Sometime overnight, my service began throwing 504 errors on longer running (30+ second) requests despite no recent changes in architecture.

Setup

GCP Cloud Run configured with 3600 second timeout
GCP Load Balancer with serverless NEG pointing to Cloud Run

Troubleshooting

If I hit the Cloud Run-generated URL directly, I can successfully execute 30+ second requests. If I instead hit the public URL (and thus the load balancer), I get timeouts on longer requests.

Musings

Looking at Google Cloud release notes, there was a change to Load Balancing, but nothing related to timeouts: https://cloud.google.com/release-notes

The current setup has been working flawlessly for over a year.

Update

Modifying the backend timeout is disabled for serverless NEGs, see below: screenshot

Update 2

This seems like a bug with GCP load balancing introduced during the last update, as the default timeout should be 60 minutes, not 30 seconds, as per the documentation: screenshot

Hey, we are having same issue like you. What is interesting is that we have LB configured on staging (classic one) and it seems to work fine. We even tried to redeploy new load balancer on staging with same config like on prod, and it is working fine. Therefore, looking for any solution. Atm we are planing to redeploy LB on prod over the night.. — Baki, Apr 17 '23 at 09:24
There is also a issue tracker opened at: https://issuetracker.google.com/issues/278146890 — Baki, Apr 17 '23 at 09:35
@Baki - Hah, yes, I opened that issue after suspecting a bug (see "Update 2") — Rusty Moorman, Apr 17 '23 at 11:15

score 2 · Accepted Answer · answered Apr 17 '23 at 10:38

Since the issue was related to our prod environment, we have created new load balancer, this time we picked global (classic) LB as an option, got new IP address, and swapped old one at our dns provider. After that everything works. Will probably delete previous LB. I am aware this is not a fix to the problem but more of a workaround, but hey, we got production working and exporting data like before.
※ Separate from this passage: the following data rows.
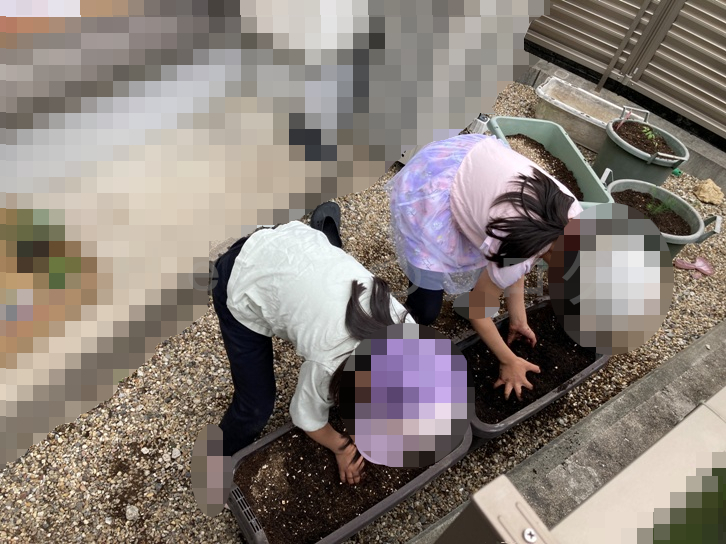 2025年5月第2週レポート_ピーマンとミニトマト、しそ用のプランターで土作り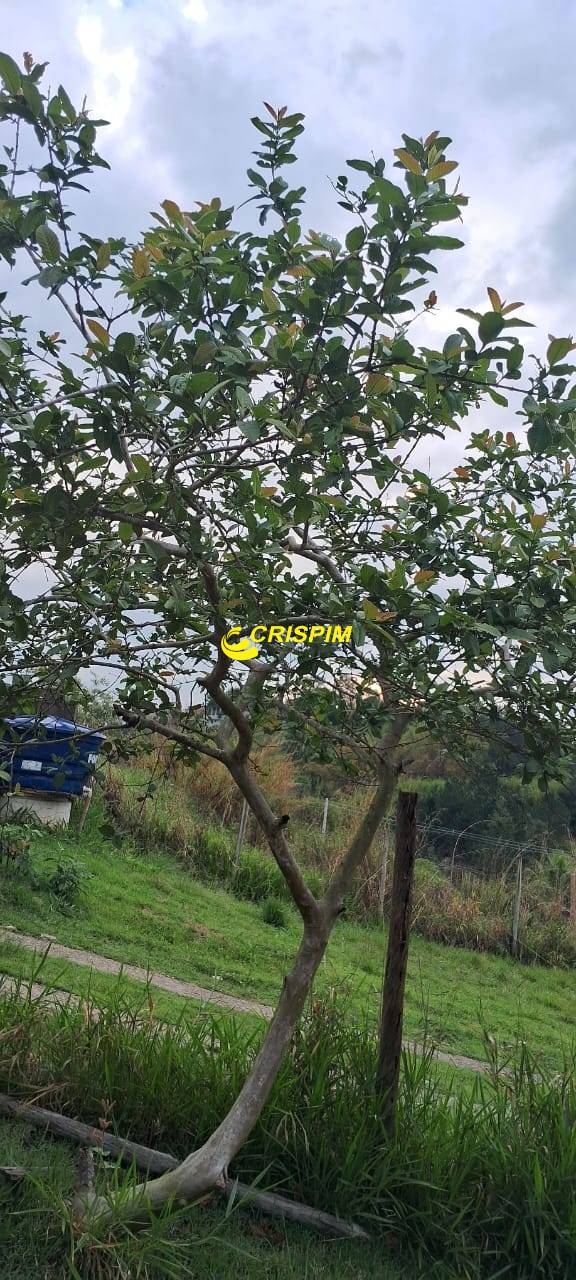 Chácara, 3 quartos, 808 m² - Foto 27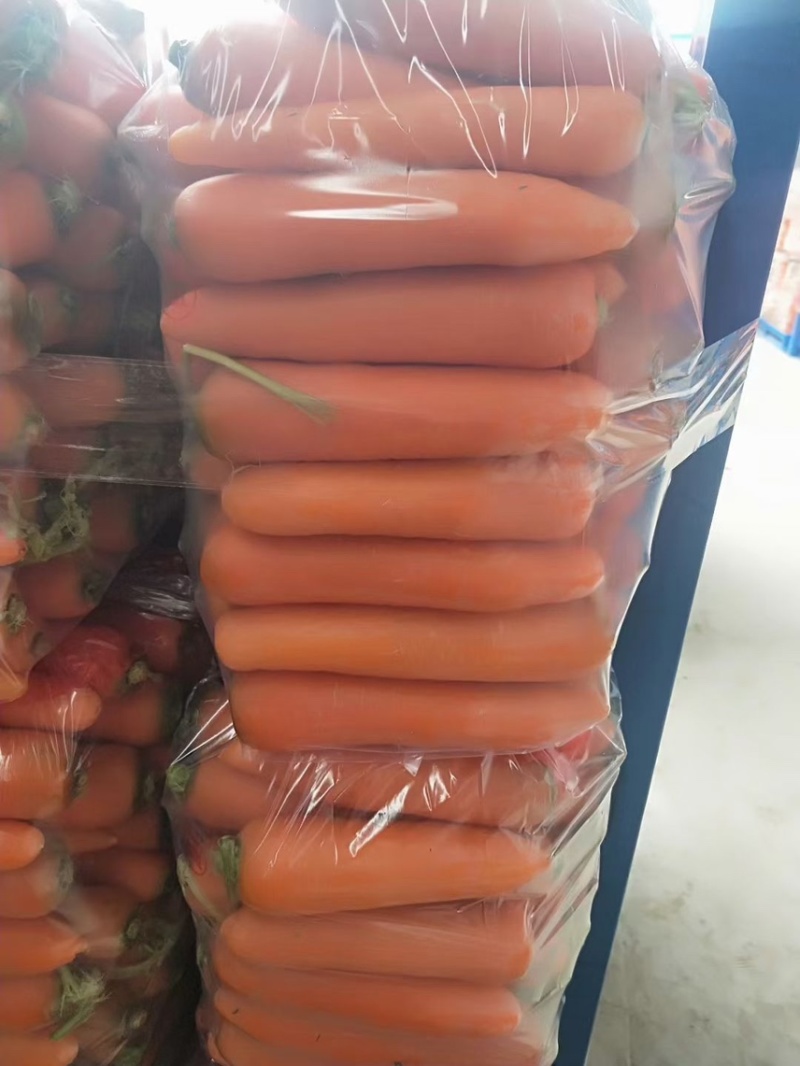 黄色胡萝卜【河南开封通许万亩基地直供高质量高标准】
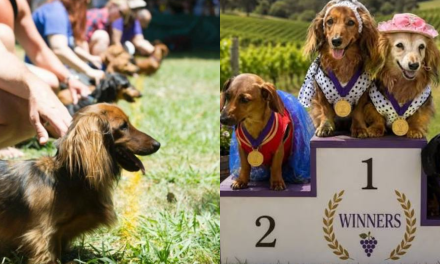 Wienerpalooza Is Bringing Dachshund Races to Murrumbateman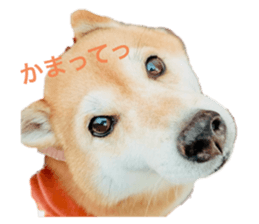 784780050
score 0 · Answer 2 · answered Apr 19 '23 at 14:37

In addition to @Baki's Load Balancer redeployment workaround. I would like to confirm that the default timeout for the Serverless NEG backend service is 3600 seconds or 1 hour as stated in the documentation despite the console only showing 60 seconds. You may also override the timeout using route action timeouts. This appears to be a UI issue at the moment. For other users experiencing the same issue, it will be helpful to check the issue tracker submitted by @RustyMoorman and follow its updates by clicking the +1 and star buttons.